2. If a scenario like this is coming, what can a person do now? Here are a few ideas:
• Visit family and friends now, especially those at a distance. This may be more difficult to do in the future.
• Learn to know your neighbors. It is likely that you will need each other’s help more in the future.
• If you live by yourself, consider moving in with friends or relatives. In tough times, it is better to have others to rely on. It is also likely to be a lot cheaper.
• Buy a bicycle that you can use as alternate transportation, if the need arises.
• Start walking or jogging for exercise. Get yourself in good enough physical condition that you could walk a few miles if you needed to.
• Take care of your physical health. If you need dental work or new glasses, get them. Don’t put off immunizations and other preventive medicine. These may be more difficult to get, or more expensive, later.
• Move to a walkable neighborhood. If it seems likely that you will be able to keep your job, move closer to your job.
• Trade in your car for one with better mileage. If you have a SUV, you can probably sell it at a better price now than in the future. [Internet image right: Mitsubishi or another make of small electric car.]
• If you have two cars powered by gasoline, consider trading one for a diesel-powered vehicle. That way, if gasoline (or diesel) is not available, you will still have one car you can drive.
• Make sure that you have at least a two-week supply of food and water, if there is some sort of supply disruption. It is always good to have some extra for an emergency–the likelihood of one arising is greater now.
• Keep reasonable supplies of things you may need in an emergency–good walking shoes, boots, coats, rain wear, blankets, flashlights and batteries (or wind-up flashlights).
• Take up hobbies that you will be able to continue in a low energy world, such as gardening, knitting, playing a musical instrument, bird watching, or playing cards with neighbors.
• Join a local sustainability group or “permaculture” group and start learning about sustainable gardening methods.
3. Do I need to do more than these things? It really depends on how much worse things get, and how quickly. If major services like electricity and water remain in place for many years, and if gasoline and diesel remain reasonably available, then relatively simple steps will go a long way.
Some steps that might be helpful to add once the crunch comes include:
• Join a carpool for work, or make arrangements to work at home. If public transportation is available, use it.
• Cut out unnecessary trips. Eat meals at home. Take your lunch to work. Walk or jog in your neighborhood rather than driving to the gym. Order from the internet or buy from stores you can walk to, rather than driving alone to stores.
• If you live a distance from shopping, consider forming a neighborhood carpool for grocery and other shopping. Do this for other trips as well, such as attending church. If closer alternatives are available, consider them instead.
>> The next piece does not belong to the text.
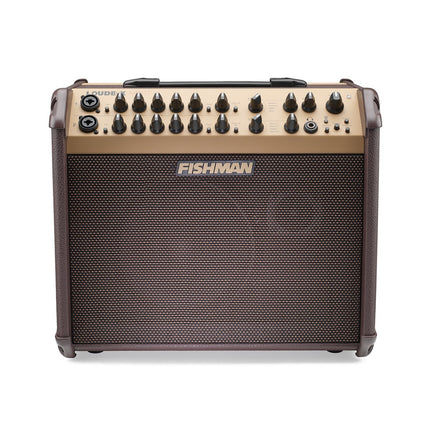 Fishman Loudbox Artist Acoustic Amplifier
• Plant a garden in your yard. Put in fruit or nut trees. Make a compost pile, and use it in your garden. Put to use what you learned in sustainability or permaculture groups.
• Meat, particularly beef, is likely to be very expensive. Learn to prepare meals using less meat. Make casseroles like your grandmother’s, making a small amount of meat go a long way. Or make soup using a little meat plus vegetables or beans.
• Use hand-me-down clothing for younger children. Or have a neighborhood garage sale, and trade clothing with others near you.
4. Should families continue to have two, three, or four children, as they often do today? With the uncertainties ahead, it would be much better if families were very small–one child, or none at all. The world’s population has grown rapidly in the last 100 years. Part of the reason for growth is the fact that with oil and natural gas, it was possible to grow much more food than in the past. As we lose the use of these fossil fuels, it is likely that we will not be able to produce as much food as in the past, because of reduced ability to irrigate crops, and reduced availability of fertilizers, insecticides, and herbicides. In addition, manufactured goods of all types, including clothing and toys, are likely to be less available, with declining fossil fuel supply. Having smaller families will help fit the population to the available resources.
If couples have completed their families, it would probably be worthwhile for them to consider a permanent method of contraception, since birth control may be less available or more expensive.
5. Are there any reasons why steps such as those outlined in Question 3 might be too little to handle the problem? Besides the decline in oil production, there are a number of other areas of concern. Hopefully, most of these will never happen, or if they do happen, will not occur for several years. If they do happen, greater measures than those outlined in Question 3 are likely to be needed.
• Collapse of the financial system. Our financial system needs growth to sustain it, so that loans can be paid back with interest. Once peak oil hits, growth will be gone. Economic growth may even be replaced with economic decline. It is not clear our financial system can handle this.
• Collapse of foreign trade. Many factors may come into play: The cost of transportation will be higher. Airline transport may not be available at all. Fewer goods are likely to be produced by the poorer countries of the world, because of power outages related to high oil prices. Rapid inflation/deflation may make monetary transactions more difficult.
• Rapid climate change. Recently, scientists have discovered that climate change can take place over a very short period of time–as little as a decade or two. Temperature and precipitation changes may cause crop failures, and may make some areas no longer arable. Sea levels may also rise.
[Image right: Hot water and photovoltiac collectors on the roof of a private residence.]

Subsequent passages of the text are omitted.